Bug 109138 - [10/11/12/13 Regression] wrong code at -O1 and above on x86_64-linux-gnu
Summary: [10/11/12/13 Regression] wrong code at -O1 and above on x86_64-linux-gnu
Status: RESOLVED INVALID
Alias: None
Product: gcc
Classification: Unclassified
Component: tree-optimization (show other bugs)
Version: 13.0
: P2 normal
Target Milestone: 10.5
Assignee: Not yet assigned to anyone
URL:
Keywords: wrong-code
Depends on:
Blocks:
 
Reported: 2023-03-15 05:20 UTC by Zhendong Su
Modified: 2023-03-15 10:54 UTC (History)
2 users (show)

See Also:
Host:
Target:
Build:
Known to work:
Known to fail:
Last reconfirmed: 2023-03-15 00:00:00

Attachments
Add an attachment (proposed patch, testcase, etc.)

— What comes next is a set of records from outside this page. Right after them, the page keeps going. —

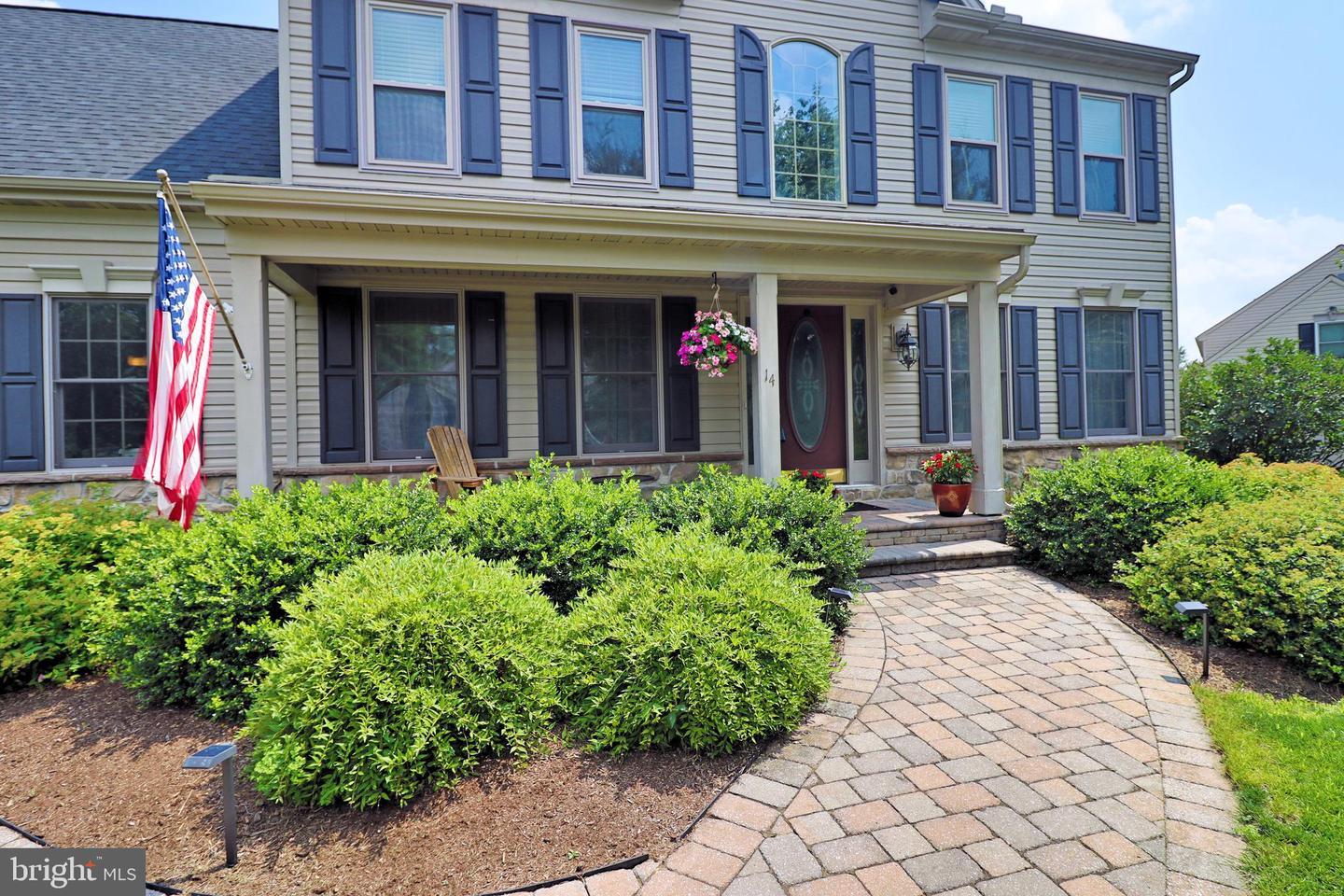 Property Photo: 14 Crimson Lane PA 17543
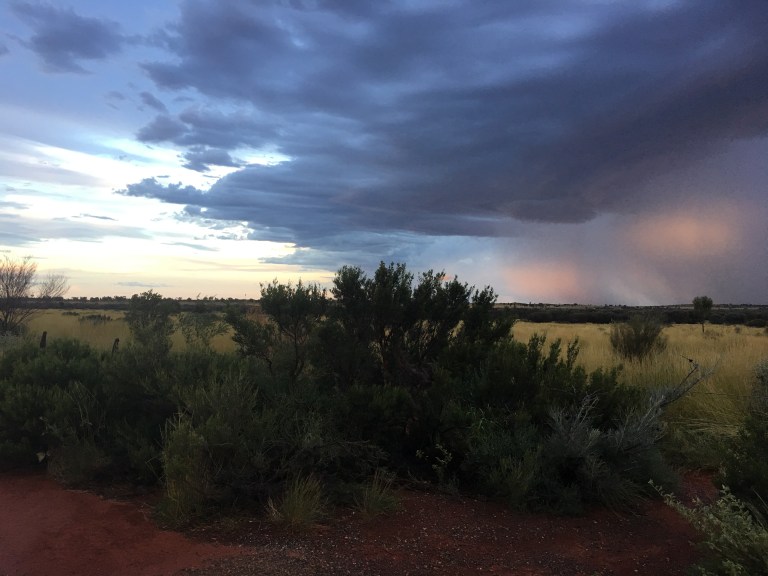uluru_sunset_storm_sky_shot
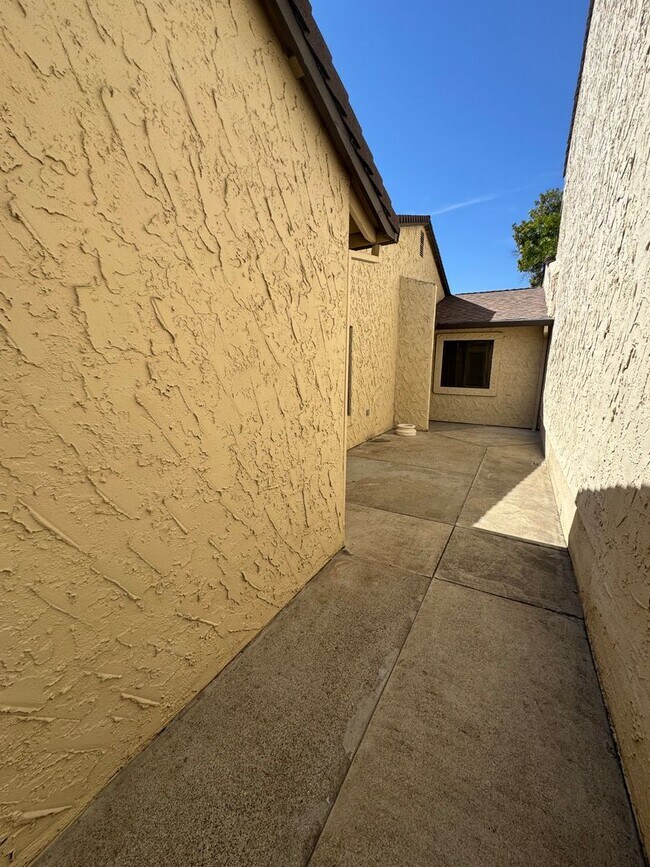 711 Flower Ash Ln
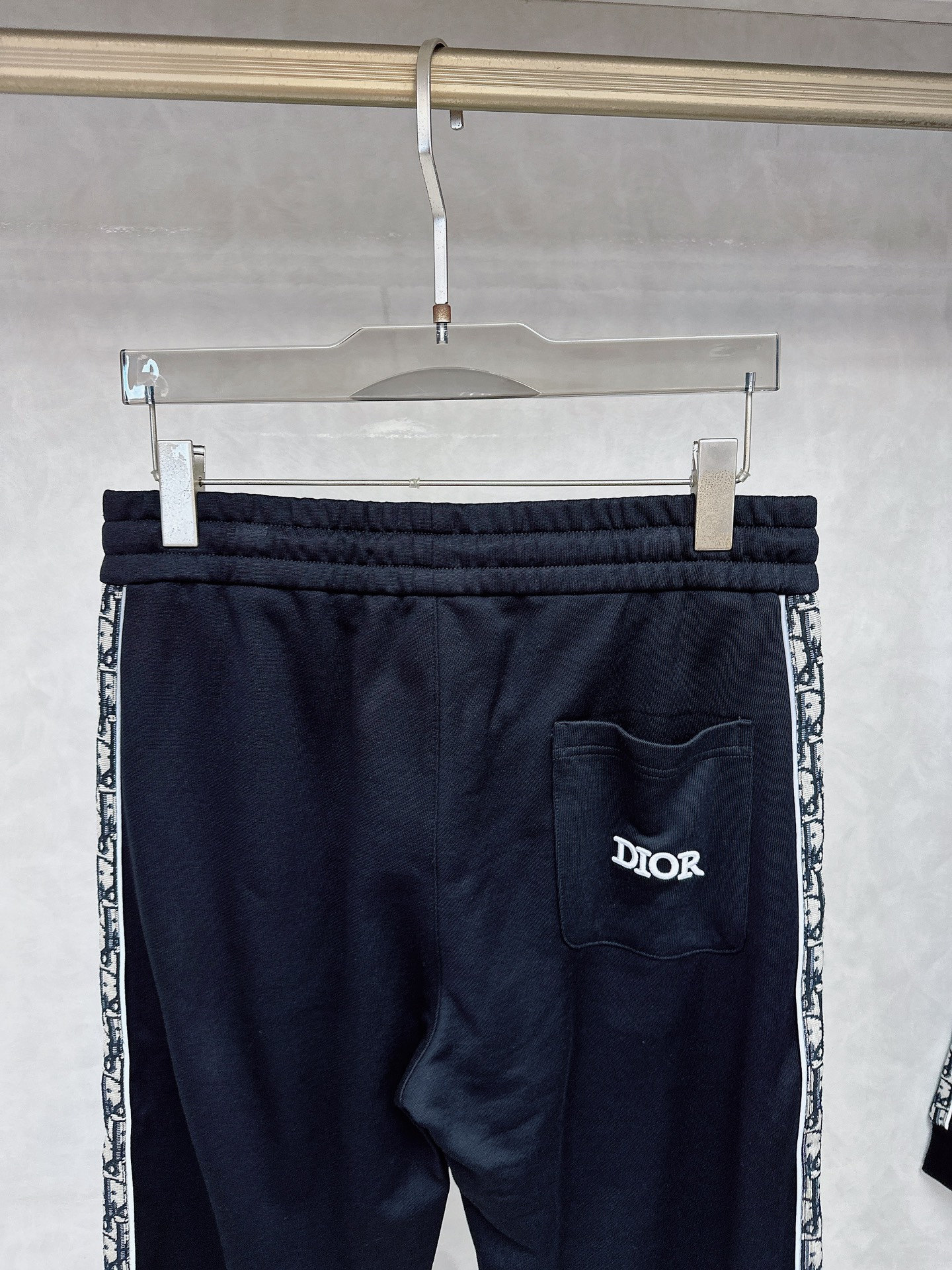 迪奥 2025秋冬新款时尚休闲套装 品牌经典LOGO ，舒适度极好，手触感强烈。辨识度极高 定制进口面料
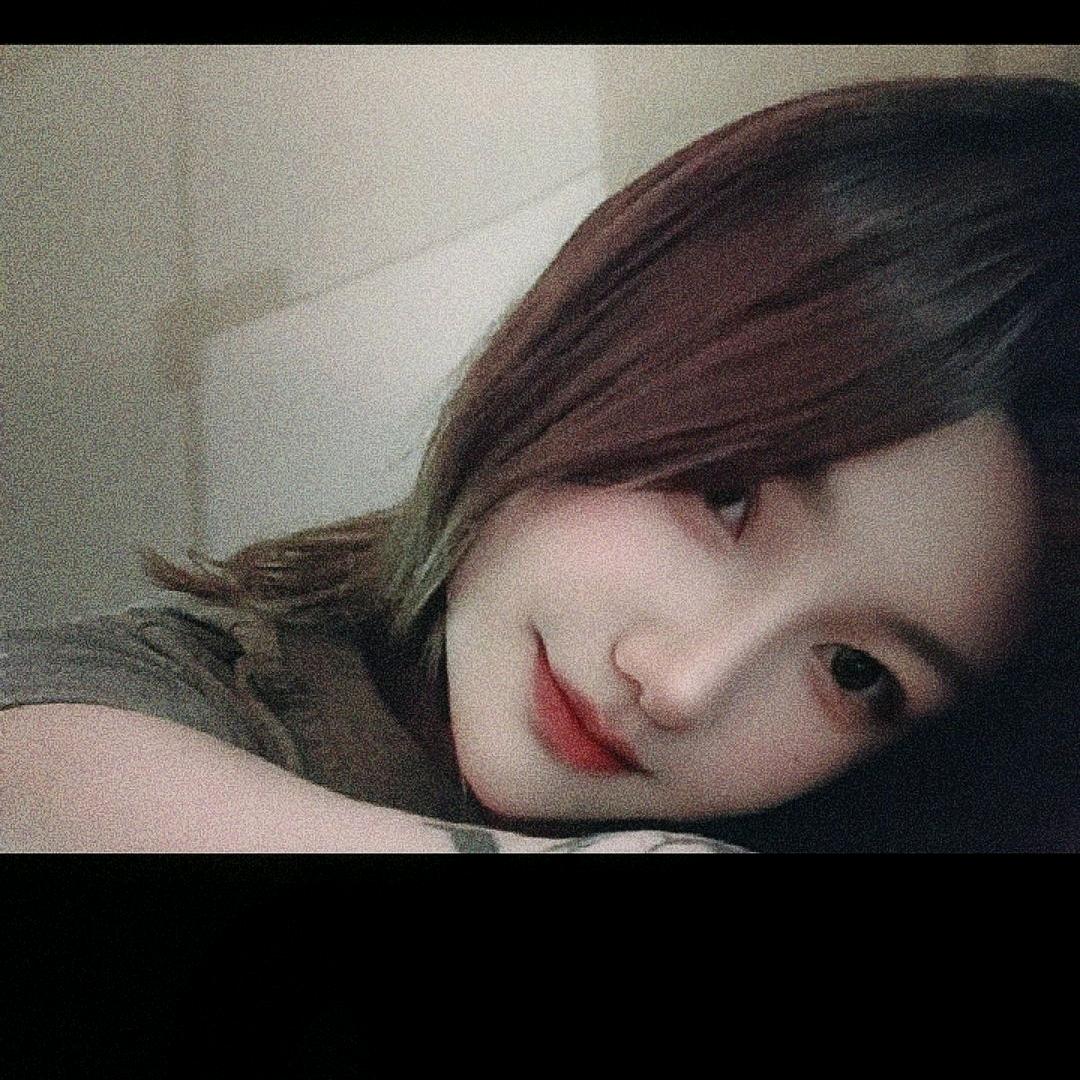 初晚晚的小酒馆官方号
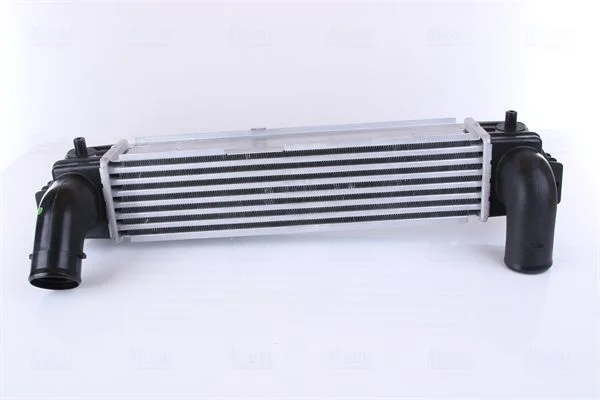 Intercooler NISSENS 96215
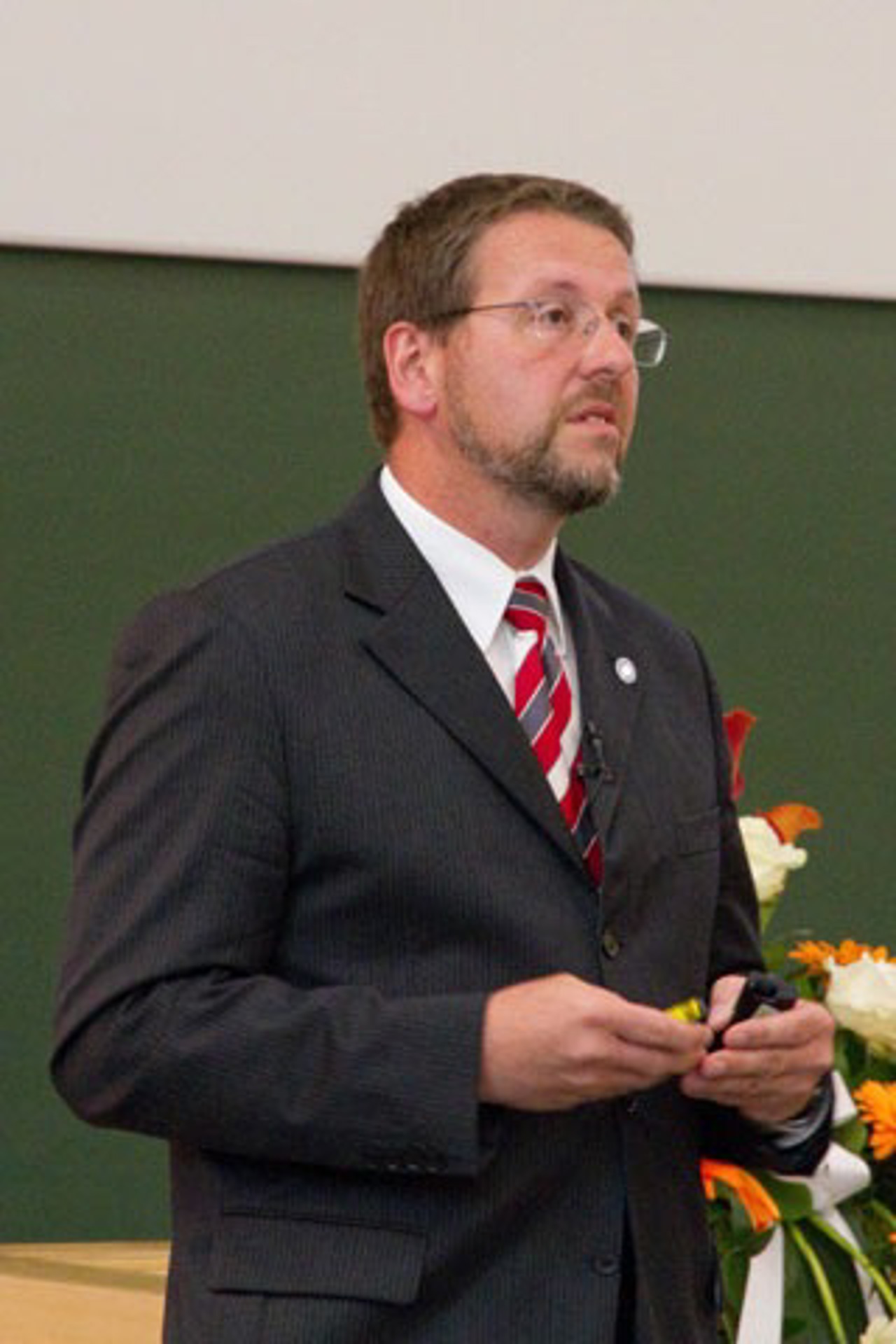 Professor Udo Kragl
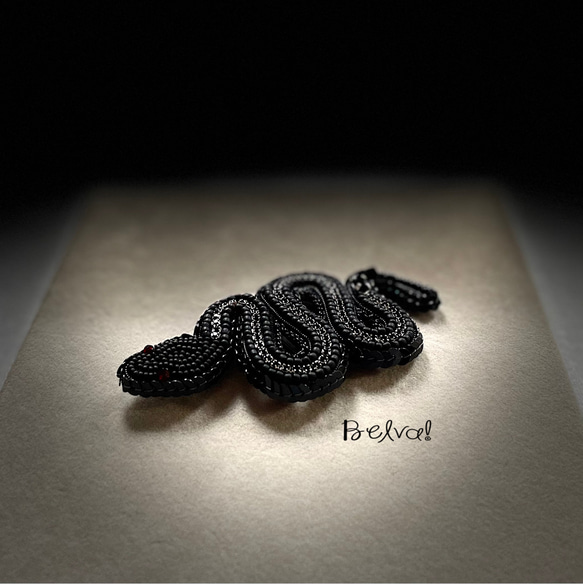 ビーズ刺繍のブローチ　-黒蛇(ブラックライン)-black snake- 1枚目の画像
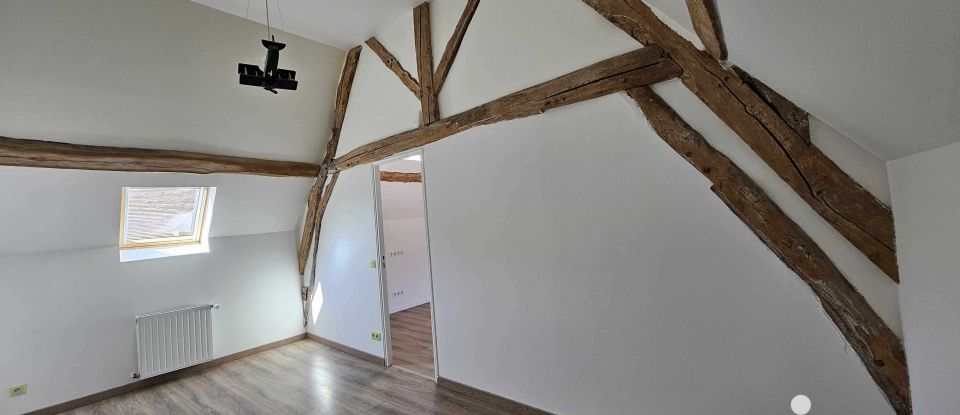 Longère 5 pièces de 140 m² à Gallardon (28320)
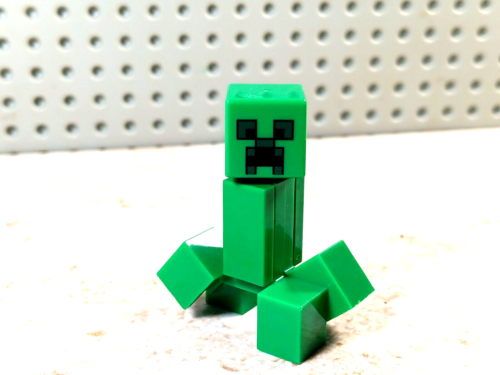 LEGO Minecraft Creeper Green Monster Village Villain Garden Eater DESTROYER - Afbeelding 1 van 1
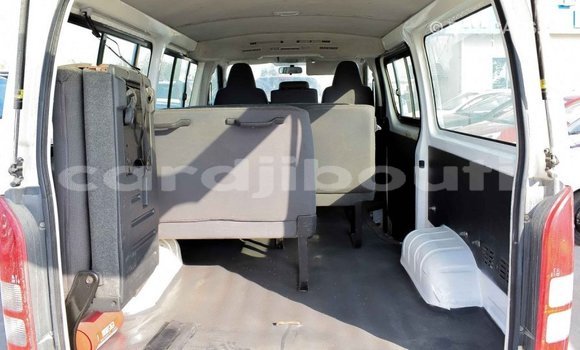Buy Import Toyota Hiace White Car in Import - Dubai in Ali Sabieh Region Buy Import Toyota Hiace White Car in Import - Dubai in Ali Sabieh Region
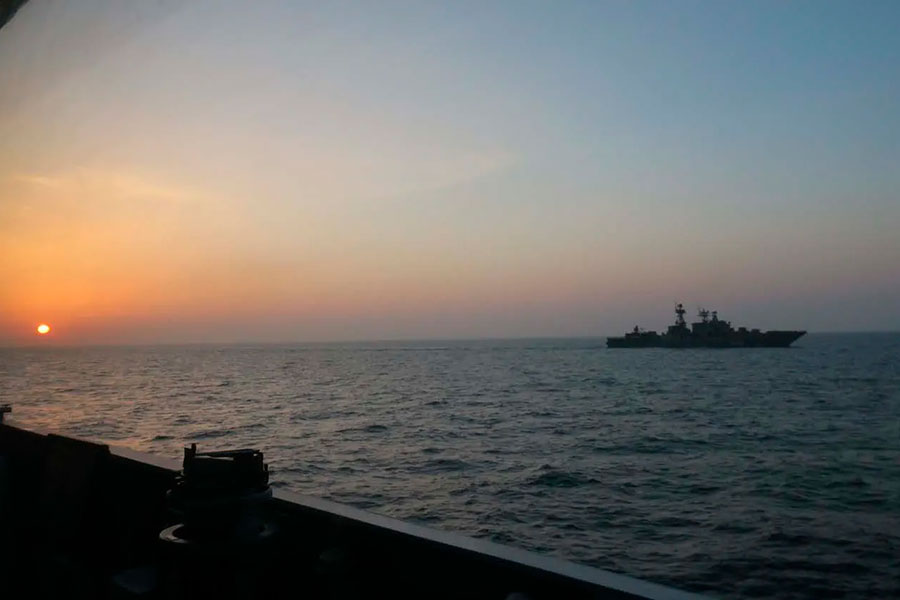 Военный корабль Королевского военно-морского флота Великобритании HMS Trent и вертолет Wildcat следили за российскими судами в водах Великобритании в течение пятидневной операции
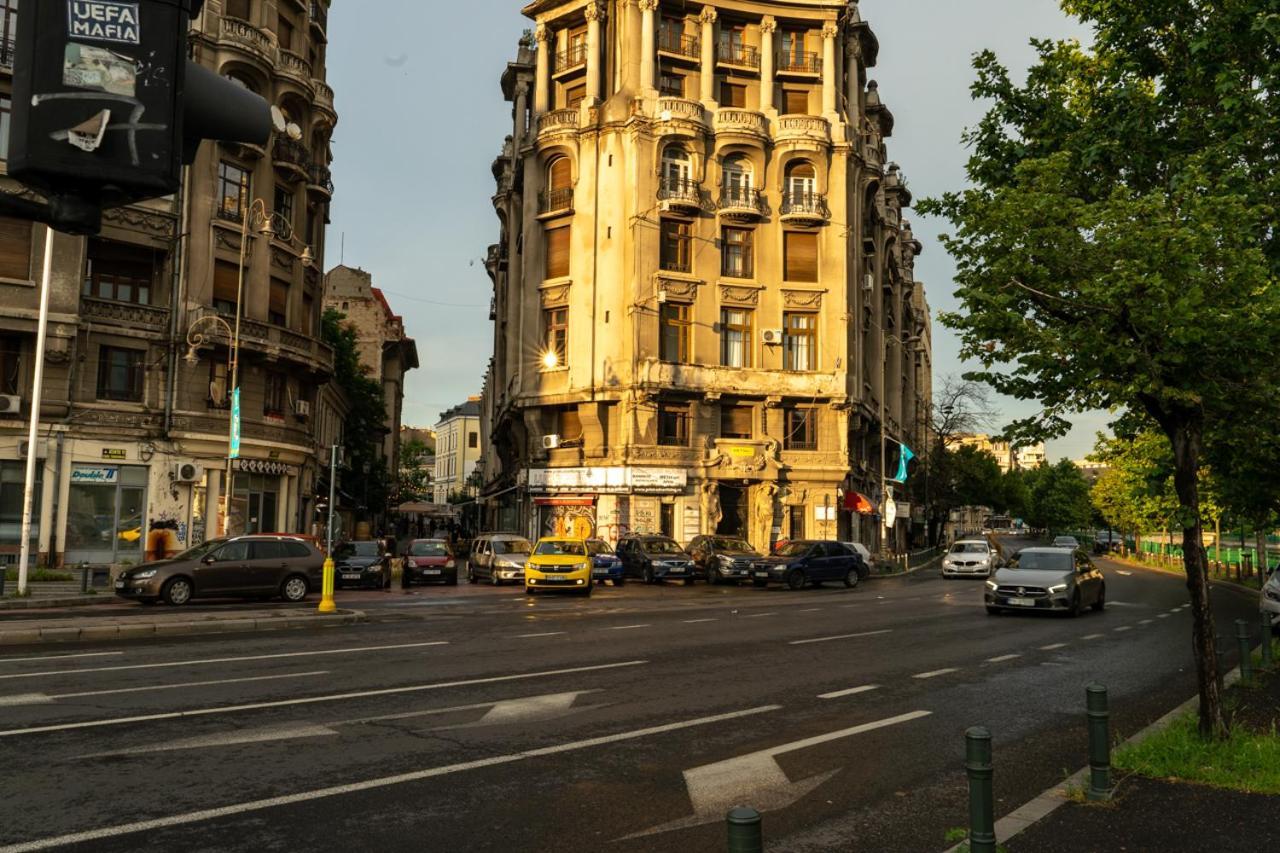 Live * Bucharest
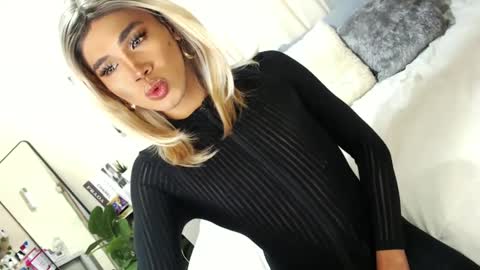 Snapshot of tiara_perezx chatting on 02-28-25, 02:42 Sam online show from 02-28-25, 02:42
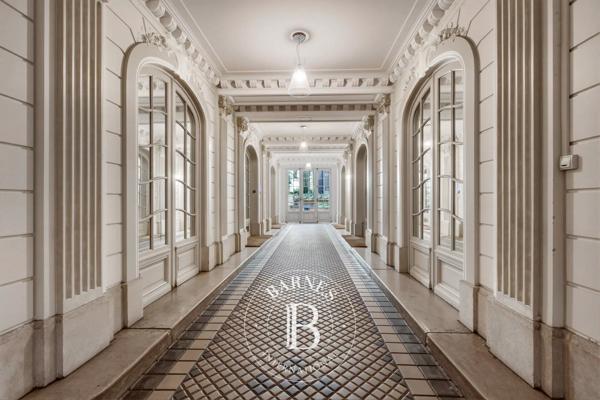 Paris 9ème, Appartement 4 Chambres -  238 m² à vendre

Note You need to log in before you can comment on or make changes to this bug.
Description Zhendong Su 2023-03-15 05:20:32 UTC 
This appears to be long latent, affecting at least 5.* and later. 

Compiler Explorer: https://godbolt.org/z/9rb354E51

[592] % gcctk -v
Using built-in specs.
COLLECT_GCC=gcctk
COLLECT_LTO_WRAPPER=/local/suz-local/software/local/gcc-trunk/libexec/gcc/x86_64-pc-linux-gnu/13.0.1/lto-wrapper
Target: x86_64-pc-linux-gnu
Configured with: ../gcc-trunk/configure --disable-bootstrap --enable-checking=yes --prefix=/local/suz-local/software/local/gcc-trunk --enable-sanitizers --enable-languages=c,c++ --disable-werror --enable-multilib --with-system-zlib
Thread model: posix
Supported LTO compression algorithms: zlib
gcc version 13.0.1 20230315 (experimental) [master r13-6679-gfd42a8fa4b7] (GCC) 
[593] % 
[593] % gcctk -O0 small.c; ./a.out
[594] % 
[594] % gcctk -O1 small.c
[595] % timeout -s 9 5 ./a.out
Killed
[596] % 
[596] % cat small.c
unsigned a = -1;
int main() {
  int b = 0;
  for (; b < 2; b++) {
  L:;
    int d;
    while (a <= 0)
      if (*&d)
        break;
    d = 1;
    a++;
  }
  return 0;
}
Comment 1 Andrew Pinski 2023-03-15 06:07:38 UTC 
reassoc1 introduces the unconditional use of an unitialized variable.

From:
  <bb 3> [local count: 1014686025]:
  if (d_5(D) != 0)
    goto <bb 5>; [5.50%]
  else
    goto <bb 4>; [94.50%]

  <bb 4> [local count: 1073741824]:
  a.1_1 = a;
  if (a.1_1 == 0)
    goto <bb 3>; [94.50%]
  else
    goto <bb 5>; [5.50%]

To:

  a.1_1 = a;
  _12 = (unsigned int) d_5(D);
  _4 = _12 | a.1_1;
  _3 = _4 == 0;
  if (_3 != 0)
    goto <bb 3>; [94.50%]
  else
    goto <bb 4>; [5.50%]
Comment 2 Richard Biener 2023-03-15 08:40:59 UTC 
So similar to PR107833, the solution might be similar as well.
Comment 3 Andrew Pinski 2023-03-15 08:51:00 UTC 
(In reply to Richard Biener from comment #2)
> So similar to PR107833, the solution might be similar as well.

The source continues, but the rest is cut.